__DATA EXTRACT__.
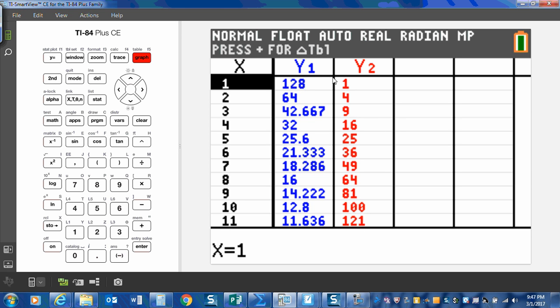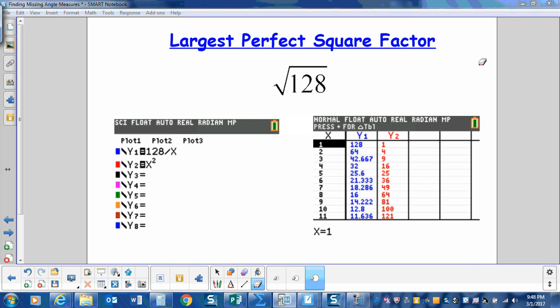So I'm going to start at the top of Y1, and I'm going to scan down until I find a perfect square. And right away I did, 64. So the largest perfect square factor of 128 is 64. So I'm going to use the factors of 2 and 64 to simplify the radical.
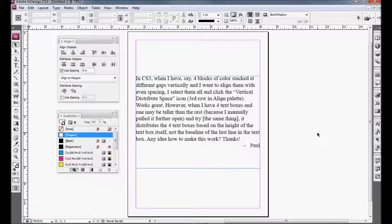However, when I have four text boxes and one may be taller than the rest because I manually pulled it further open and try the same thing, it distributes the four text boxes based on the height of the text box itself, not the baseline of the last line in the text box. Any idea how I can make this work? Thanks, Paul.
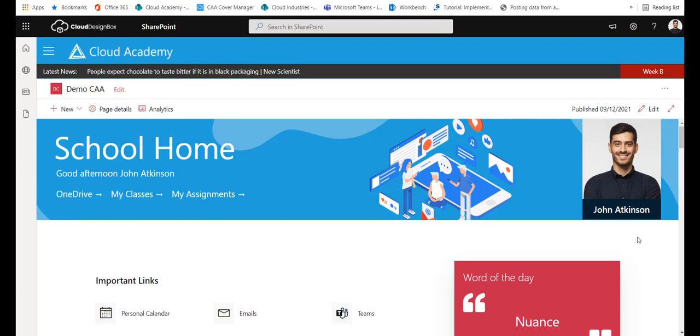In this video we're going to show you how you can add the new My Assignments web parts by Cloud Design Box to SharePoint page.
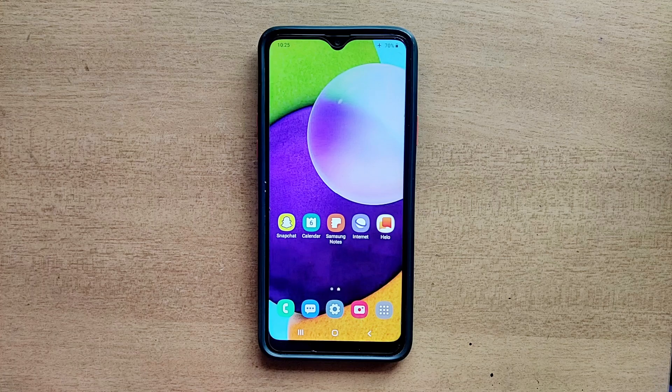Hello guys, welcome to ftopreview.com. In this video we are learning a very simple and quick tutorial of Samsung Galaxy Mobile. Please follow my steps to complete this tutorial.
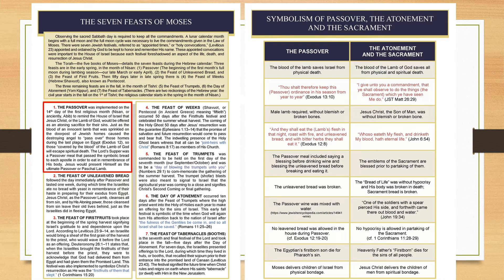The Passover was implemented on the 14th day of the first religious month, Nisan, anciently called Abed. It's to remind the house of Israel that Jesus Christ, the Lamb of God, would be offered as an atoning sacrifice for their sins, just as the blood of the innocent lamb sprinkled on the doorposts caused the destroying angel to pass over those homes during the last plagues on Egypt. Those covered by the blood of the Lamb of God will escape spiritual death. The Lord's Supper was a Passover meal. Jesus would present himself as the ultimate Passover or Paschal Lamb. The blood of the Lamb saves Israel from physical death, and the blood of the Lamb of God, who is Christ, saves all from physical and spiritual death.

__TASK GOAL__.
Repeat only the lines between the top of the entries above and the line containing "Hello guys, welcome", both ends included, without the pictures.

__TASK RESPONSE__.
So I'm going to start at the top of Y1, and I'm going to scan down until I find a perfect square. And right away I did, 64. So the largest perfect square factor of 128 is 64. So I'm going to use the factors of 2 and 64 to simplify the radical.
However, when I have four text boxes and one may be taller than the rest because I manually pulled it further open and try the same thing, it distributes the four text boxes based on the height of the text box itself, not the baseline of the last line in the text box. Any idea how I can make this work? Thanks, Paul.
In this video we're going to show you how you can add the new My Assignments web parts by Cloud Design Box to SharePoint page.
Hello guys, welcome to ftopreview.com. In this video we are learning a very simple and quick tutorial of Samsung Galaxy Mobile. Please follow my steps to complete this tutorial.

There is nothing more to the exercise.